Sobat Pesona,

Balai Perhutanan Sosial (PS) Palembang mengikuti rapat Project Coordination Committee (PCC) Proyek NTFP AFoCO secara daring pada Rabu, 1 April 2026. Kegiatan ini dilaksanakan bersama Tim Sekretariat AFoCO dan tim pelaksana kerja sama hibah proyek AFoCO/035/2022, dengan fokus pada evaluasi capaian kegiatan dan laporan keuangan tahun 2025 serta penyusunan rencana kerja tahun 2026.

Kepala Balai PS Palembang, Bayu Subekti, selaku Country Project Manager, menyampaikan berbagai capaian kegiatan sepanjang tahun 2025. Kegiatan tersebut meliputi penguatan kelembagaan kelompok tani melalui kunjungan lapangan ke kelompok masyarakat yang telah berdaya guna dan mandiri, dokumentasi praktik baik pengelolaan rotan penghasil jernang, penyusunan laporan market linkage untuk komoditas jernang, serta pembangunan website proyek dalam rangka diseminasi informasi Balai.
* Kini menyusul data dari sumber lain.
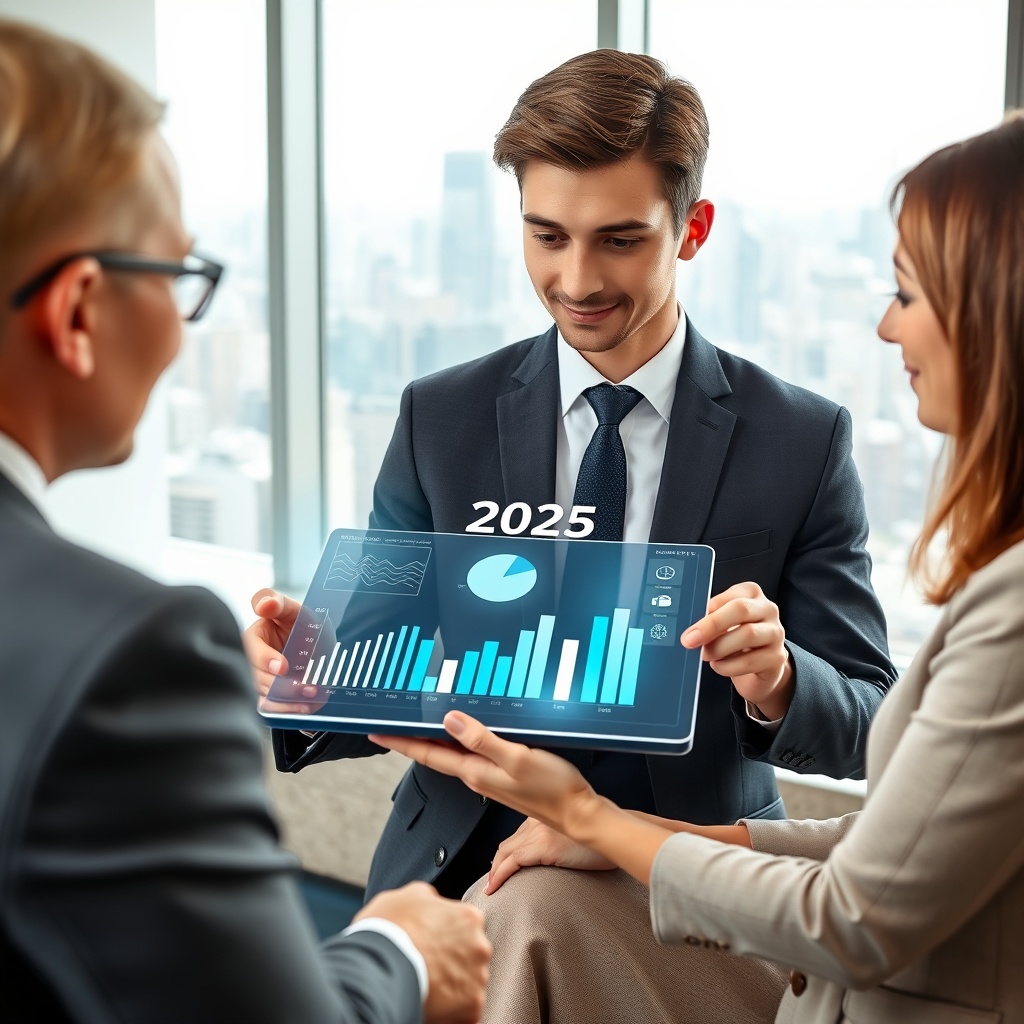 "An elegant office setting featuring a young, confident real estate professional discussing flexible loan terms with a client using a futuristic, transparent digital tablet. The tablet displays interactive graphs and trend forecasts for 2025, subtly incorporating symbols of technology like microchips and digital waves. The background shows a sleek, minimalistic office with large windows that overlook a bustling cityscape, symbolizing opportunity and growth in real estate investment."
Selain capaian, turut dibahas sejumlah tantangan dalam pelaksanaan kegiatan tahun 2025, di antaranya keterlambatan waktu pelaksanaan akibat reorganisasi Kementerian serta proses pencatatan keuangan pada DIPA satuan kerja.

Dr. Junghwan Park, selaku NTFP Project Manager AFoCO, menyampaikan apresiasi kepada Balai PS Palembang atas upaya dalam melibatkan berbagai pihak (multipihak) dalam pelaksanaan proyek. Ia juga mendorong agar seluruh output yang telah ditetapkan dapat diselesaikan tepat waktu, mengingat proposal pembangunan Pusat Inkubasi telah disetujui oleh AFoCO. Dengan persetujuan tersebut, Balai PS Palembang memperoleh tambahan pendanaan untuk pembangunan Pusat Inkubasi Bisnis yang ditargetkan selesai pada akhir tahun 2026.

Dalam rapat tersebut, turut dibahas dan disepakati pengajuan perpanjangan durasi proyek tanpa penambahan pendanaan, dari April 2026 hingga Desember 2026.

Kegiatan ini menjadi bagian dari komitmen Balai PS Palembang dalam mendorong pengembangan usaha perhutanan sosial berbasis hasil hutan bukan kayu (HHBK) secara berkelanjutan.